Durante su catequesis, el Santo Padre destacó que Dei Verbum presenta el núcleo de la fe cristiana como una relación de amistad entre Dios y la humanidad, subrayando las palabras de Jesús en el Evangelio de san Juan: «Ya no los llamo servidores, sino amigos» (Jn 15,15). A partir de este pasaje, explicó que la Revelación cristiana no es una comunicación distante, sino un diálogo de amor en el que Dios se acerca al hombre y le da a conocer su corazón.
El Papa recordó que, según la enseñanza conciliar, Dios “habla a los hombres como amigos, movido por su gran amor”, y afirmó que esta relación alcanza su plenitud en Jesucristo, verdadero Dios y verdadero hombre. En Él —señaló— la antigua alianza encuentra su cumplimiento definitivo, transformando la distancia entre el Creador y la criatura en una comunión filial.

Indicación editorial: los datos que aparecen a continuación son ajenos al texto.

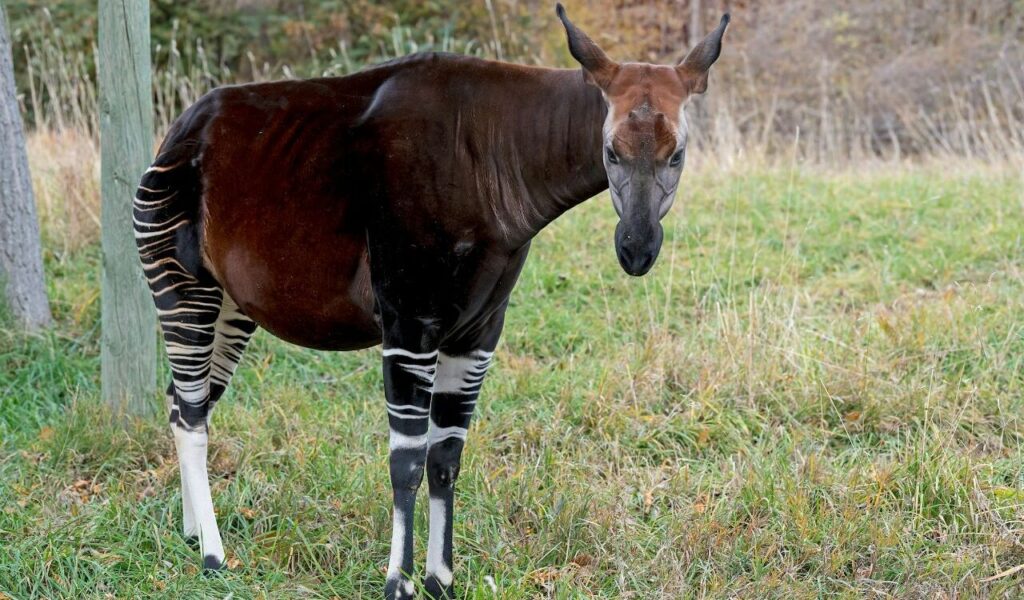 An Okapi on a Grass Field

Apoyándose en san Agustín, el Pontífice explicó que la amistad con Dios no nace de la igualdad, sino de la gracia, que nos hace semejantes a Él en su Hijo. Asimismo, advirtió que la semejanza con Dios no se alcanza por el pecado ni por la autosuficiencia humana, sino por la relación viva con Cristo encarnado.

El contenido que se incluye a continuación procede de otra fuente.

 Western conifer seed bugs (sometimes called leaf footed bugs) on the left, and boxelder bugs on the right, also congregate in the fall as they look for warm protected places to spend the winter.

El papa León XIV también reflexionó sobre el carácter dialogal de la Revelación, afirmando que Dios no permanece en silencio, sino que se comunica con palabras verdaderas que revelan quién es Él y quiénes somos nosotros. En este sentido, invitó a los fieles a redescubrir la escucha de la Palabra como primera actitud espiritual del creyente.
Finalmente, el Santo Padre exhortó a cultivar la amistad con Dios mediante la oración, tanto litúrgica y comunitaria como personal, recordando que solo quien habla con Dios puede verdaderamente hablar de Él. Concluyó su catequesis animando a no descuidar esta relación, advirtiendo que, como ocurre en toda amistad, el abandono y la falta de atención pueden debilitar el vínculo.
“La amistad con Dios —afirmó— no solo da sentido a nuestra vida, sino que es nuestra salvación”.